The resignation of Darnell, who is a city council member, was announced Tuesday at the City Council meeting.
The nonprofit organization was at the center of a lengthy City Council debate over Darnell’s involvement in the organization.
James Henderson, President of the Board of Directors of safe communities, announced Darnell’s resignation as executive director during a heated discussion over Darnell’s conflict of interest.
The council on Oct. 2 refused to award the organization a $40,000 contract for substance abuse and gang activity suppression services. Darnell was not present at Tuesday’s meeting because of a family emergency in Durango.
Before announcing Darnell’s resignation, Henderson urged city council to reconsider their decision.
“I’m asking you to get back in the partnership,” he said.
Safe communities works in San Juan County as an umbrella organization that assists law enforcement and other agencies in streamlining and coordinating efforts to combat social issues such as gang violence and drug use. The organization regularly seeks money from local governments, including the city of Farmington.
Darnell’s position as city councilor and the organization’s executive director created a clear conflict of interest. Darnell said has always complied with state law by announcing the conflict publicly and recused himself from voting on any decisions relating to safe communities.
Councilor Mary Fischer did not agree that these actions were enough to mitigate that conflict.
“The relationship between the city and safe communities should be a good one,” she said on Tuesday. “But anyone who wears three hats should have three heads. It’s too cozy.”
Ultimately, city council did not agree to revisit the proposed contract.
Darnell said on Wednesday that his decision to step down as executive director was not motivated by the conflict of interest issue. Instead, it was driven by a recognition that new organizational leadership would be of benefit, and his desire to dedicate more time to his personal life, he said.
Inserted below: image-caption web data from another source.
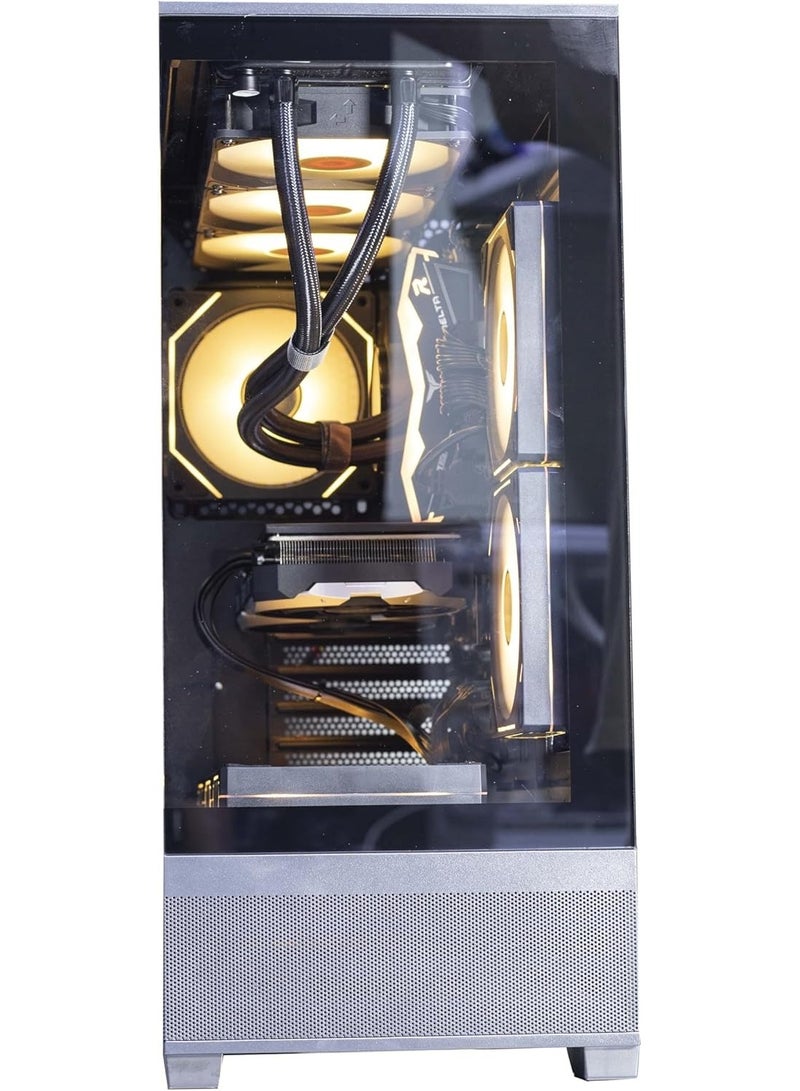 NANOTECH Budget Gaming PC - Intel Core i5-12400F, DDR5 32GB (2*16) RAM, Nvidia GeForce RTX 5060 8GB GDDR7 Graphics Card, 2TB NVMe SSD, 3 Fan AIO Liquid Cooler, 750W Power Supply, Windows 11 Pro | Wi-Fi - Image 3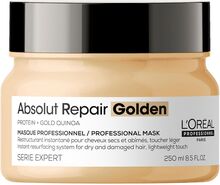 Absolut Repair Masque Golden Hårmaske Nude L'Oréal Professionnel*Betinget Tilbud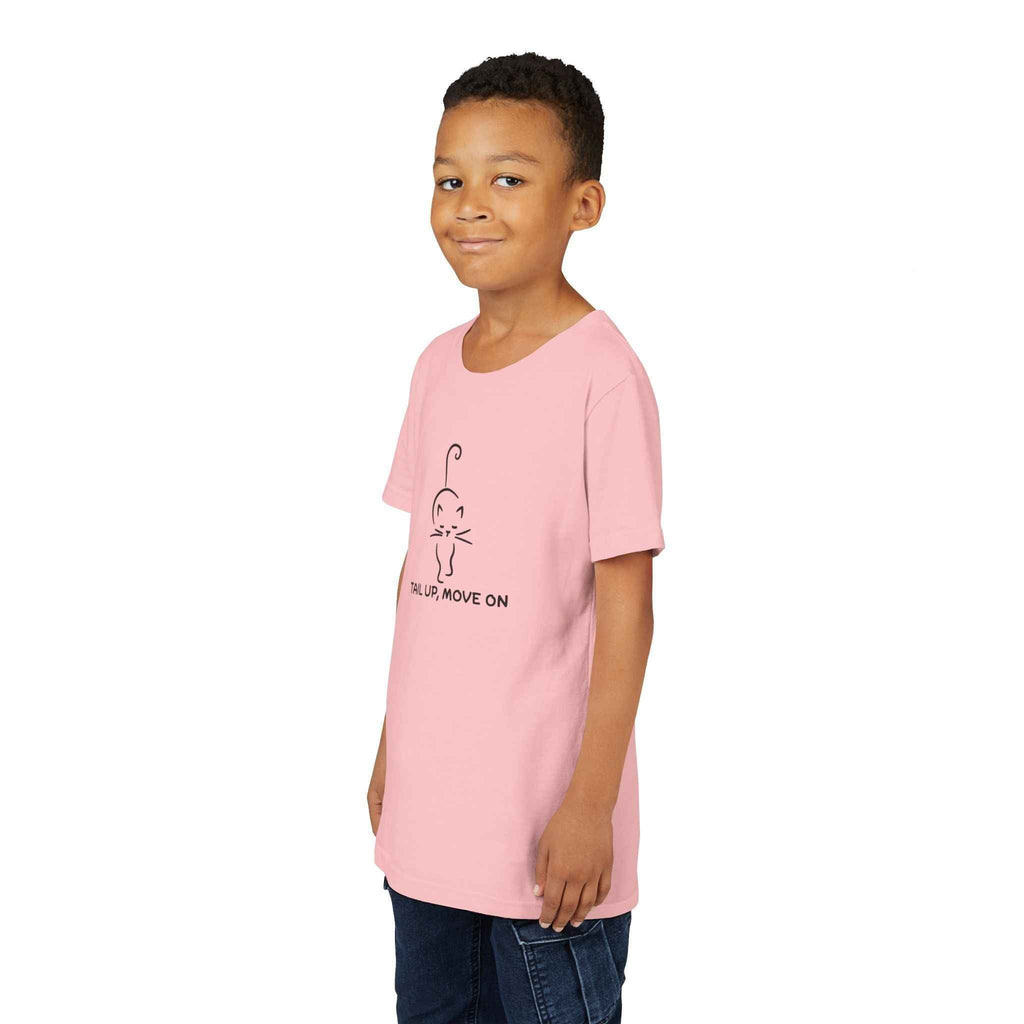 Tail Up, Move On Youth Tee – Small Human, Big Attitude - Clothing, Youth, Unisex, T-Shirt - EpiAl's Shop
“After five and a half years at the helm of this organization, it’s time for someone new,” he said.
Darnell originally planned to leave safe communities in July but stayed in his position to supervise a number of projects at Henderson’s request. The board has known of his decision to step down since April, Darnell said.
He said he will continue to be involved in the organization until a replacement is found.
“We’ve gotta get on and do our search,” Henderson said. “We’ll hope for better days.”